Barbara Allen’s poignant memoir about growing up in the home of a belligerent duplicitous hoarder is told from the perspective of a fourteen year old living the experience. She has the constant support of her twelve year old sister as the only other household member who seems to understand something is incredibly wrong here. It is comprised of thirty-four vignettes and an epilogue, most of which are singularly bitter-sweet, with a nimbus of humor that only the dual perspective of innocent narrator and adult reader can imbue.
Most of the episodes involve the seemingly limitless extent of her father’s self absorption at the expense of his family and its oh so many unpleasant expressions; her mother’s escape into a haze of tobacco smoke, soap operas and board games; and the degradation to which they both subject themselves and their six children, six dogs, and who knows how many cats. Toward the end, the tales evolve into a series of interconnected incidents during which the children’s hopes are first raised by the involvement of State Department of Children and Family Services and then dashed by the unforgivable incompetence of the useless case worker.

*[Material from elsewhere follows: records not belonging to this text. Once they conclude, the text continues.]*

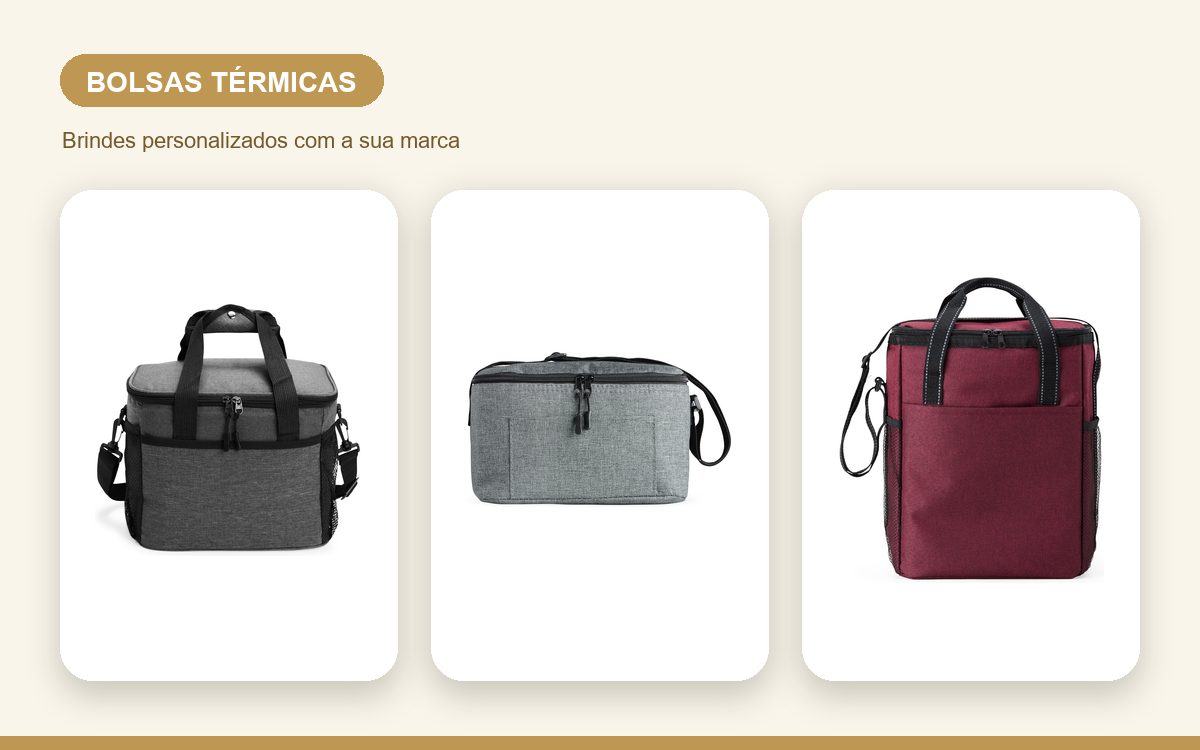 Brindes personalizados com a sua marca — Bolsas Térmicas Personalizadas para Eventos e Feiras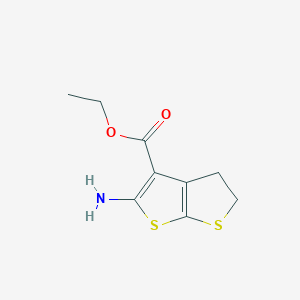molecular formula C9H11NO2S2 B12630119 Ethyl 5-amino-2,3-dihydrothieno[2,3-b]thiophene-4-carboxylate 
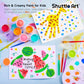 Shuttle Art Washable Finger Paint, 44 PCS with 36 Colors (1 fl oz) Toddler Paint, Paint Brushes, Palette, Non-Toxic Finger Painting for Toddlers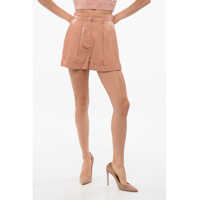 Pantaloni scurti Single-Pleated Shiny Shorts Femei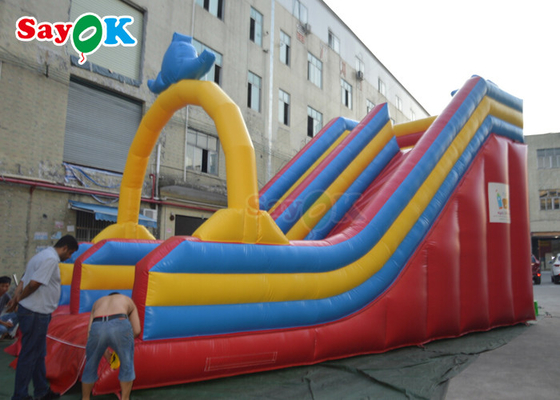 Inflatable Dry Slide Waterproof Commercial Inflatable Slide बच्चों के बड़े ब्लो अप स्लाइड खेल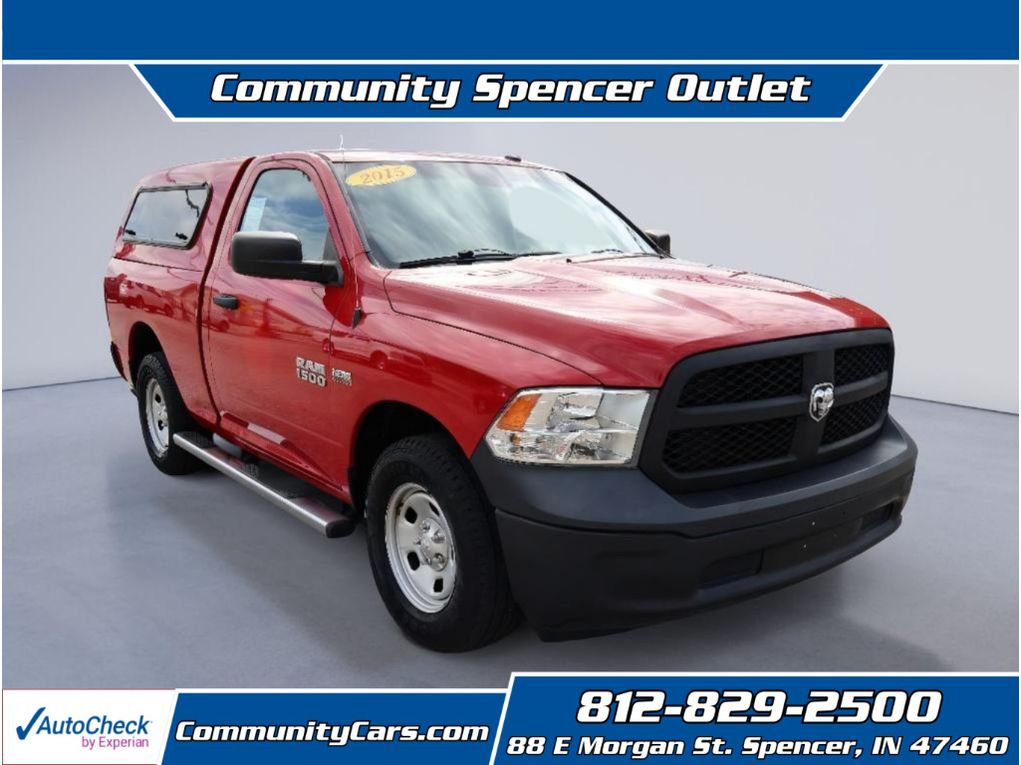 Red 2015 RAM 1500 Tradesman 4WD Pickup Truck Four-Wheel Drive 6-Speed Automatic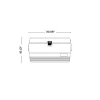 IGLOO Marine Ultra Hard Cooler 72 Qt White - 00044685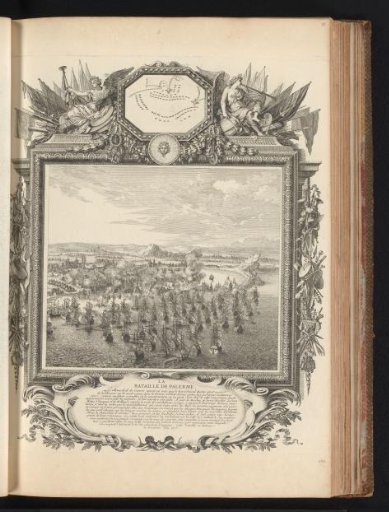 Naval battle of Palermo, in a cartouche
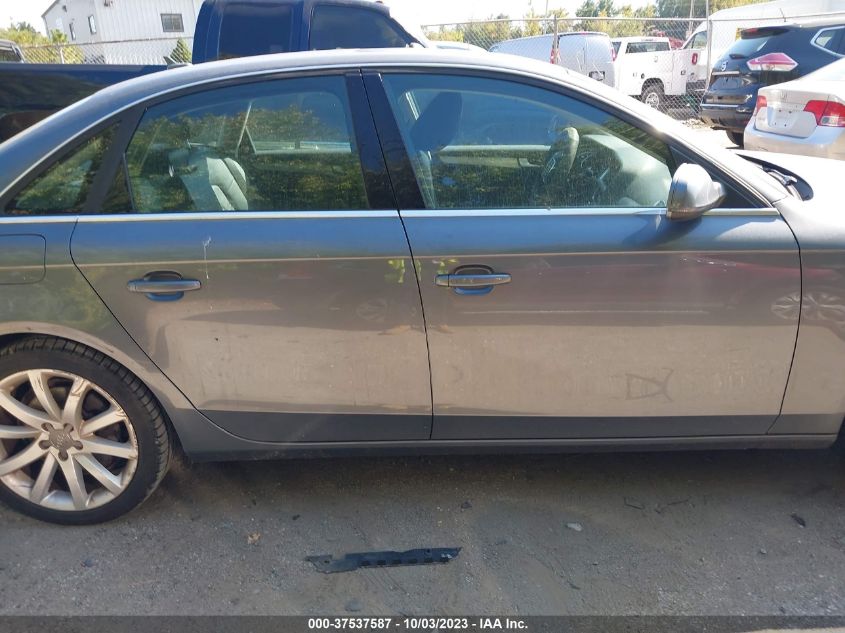 2013 AUDI A4 PREMIUM PLUS - WAUFFAFL2DN020787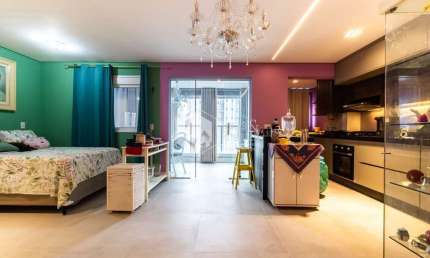 Apartamento tipo para venda com 1 quarto, sendo 1 suíte, 52m²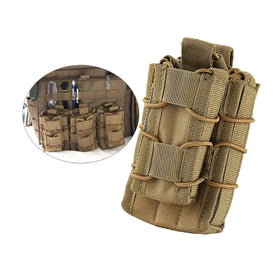 YAKEDA Single Double Kangroo Clip Tactico Molle Elastic Mag Tactical Magazine Pouch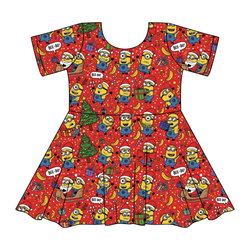 Holiday Shenanigans Sierra Short Sleeve Twirl - Knit - Pre Order - Christmas Special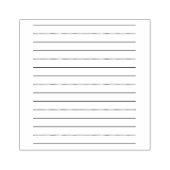 Handschriftenlinien Gummistempel (Prägung)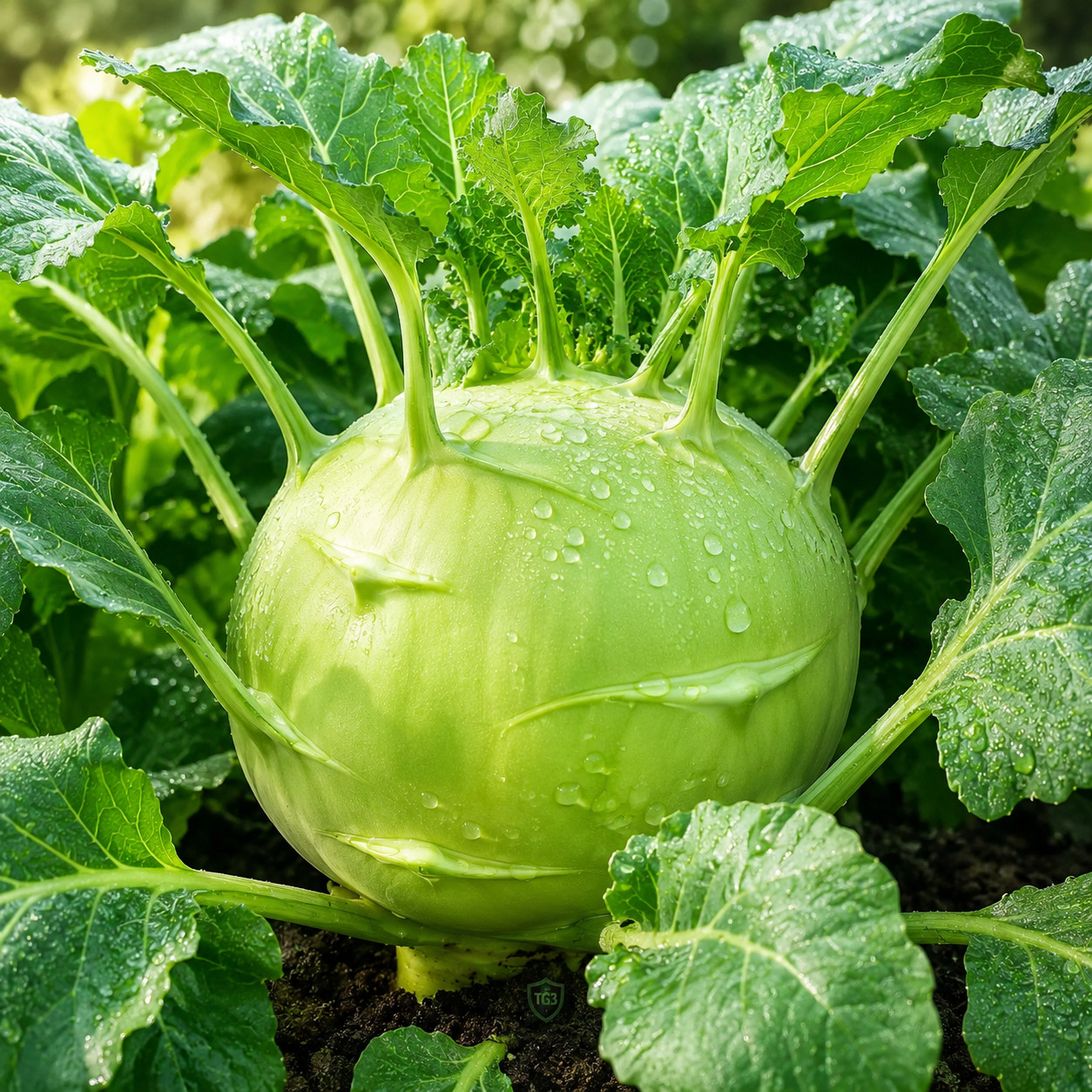 1000 CABBAGE KOHLRABI SEEDS SPRING MICROGREENS VEGETABLE NON-GMO SALADS HEIRLOOM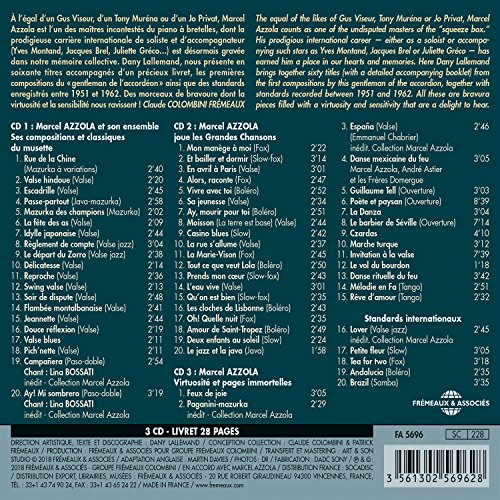 Marcel Azzola - 1951-1962 Ses Compositions. Les Classiques Du Musette. Les Grandes Chansons. Virtuosite Et Pages Immortelles. Les Standards Internationaux [CD]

The images of the penny pinching father regularly buying damaged eggs at a farm, the extent of the squalor of their home including the one-bath-per-week rule, of the humiliation the two girls experience going to school filthy wearing hand me down clothing, of the Sunday “excursions” in which the father attempts to get all eight of them invited to dinner by arriving unannounced on the doorstep of church acquaintances, and all the rest of it are apt to remain with the reader for some time to come. Amid the horror stories are the real people who in some way reach out to the children. These include the maternal grandmother who takes them two at a time for a weekend glimpse of love and normalcy, the best friend willing to drink a cup of coffee with an oil slick without flinching, and the new neighbors who call the DCF.
The title of the book comes from the various scenarios the girls seriously postulate might have brought them to this wretched condition, including wrong babies brought home from the hospital, adoption, and nice children stolen from car. While the hoarder phenomena has gotten plenty of reality TV time lately, this written insight is far more compelling than simple images of rooms filled with junk, and goes well beyond the insipid politically correct notion of viewing hoarders simply as people with an affliction to the largely unsympathetic portrait of a controlling man whose colossal selfishness seemingly knows no bounds. His habits are at least second generation, to be sure, yet even this revelation does little to soften one’s image of the man.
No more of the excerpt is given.